Hence, the Commonwealth’s position is that trial began on April 9, 1976, exactly 179 days after the extradition waiver occurred. We agree. The record of the Rule 1100 hearing reveals that the Commonwealth pursued, in an adequately timely manner, a reasonable procession of efforts tо execute the arrest warrant. The “due diligence” required of police does not demand perfect vigilance and punctilious care, but rather a reasonablе effort. See Commonwealth v. Mitchell, supra. Evaluated by this standard, the efforts expended did not fall below the minimal standard of conduct ensured by Rule 1100. Defendant voluntarily absented himself from Pennsylvania on August 6, 1975 and efforts immediately commenced to secure his return. Those efforts, following defendant’s August 14, 1975 refusal to return to Philadelphia, took the form of preparations for extradition.
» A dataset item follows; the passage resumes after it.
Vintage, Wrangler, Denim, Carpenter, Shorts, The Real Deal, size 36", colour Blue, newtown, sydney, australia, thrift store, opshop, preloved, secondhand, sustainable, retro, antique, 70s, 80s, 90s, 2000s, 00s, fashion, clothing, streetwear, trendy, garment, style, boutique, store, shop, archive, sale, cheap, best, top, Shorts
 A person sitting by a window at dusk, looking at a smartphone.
In view оf these facts, we need not decide whether the inference is warranted that defendant continued to “contest extradition”, within the meaning of the Comment of Rule 1100(d)(1), supra, on every day until a formal waiver occurred on October 13, 1975. The Comment to Rule 1100(d)(1) states that the causes of “unavailability” discussed therein, including “contesting extradition”, are “in addition to any other circumstances precluding the availability of the defendant . . . ” The facts of the instant case demonstrate that defendant was “unavailable” despite the Commonwealth’s exercise of due diligence: nothing further is required to invoke the time exclusion prescribed by Rule 1100(d)(1). Common sense, the public interest, and justice demand that a defendant not be permitted the windfall of an absolute dismissal under Rule 1100 when he voluntarily *408 absents himself from this jurisdiction, refuses to return, and due diligence by law enforcement authorities fails to secure his return.
Under Rule 1100(d), there is to be excluded in computing the period for commencement of trial only the period of delay that resulted from the defendant’s unavailability.
Commonwealth v. Morgan,
Order reversed; Judgment of sentence reinstated.
Notes
. On the instant appeal, defendant has also raised assertions of ineffectiveness of trial counsel involving failure to object to alleged deficiencies in the manner the court (1) instructed the jury on elements of murder of the third degree, (2) informed the jury of permissible verdicts, and (3) conducted voir dire. After a review of these claims, we find them to be devoid of merit.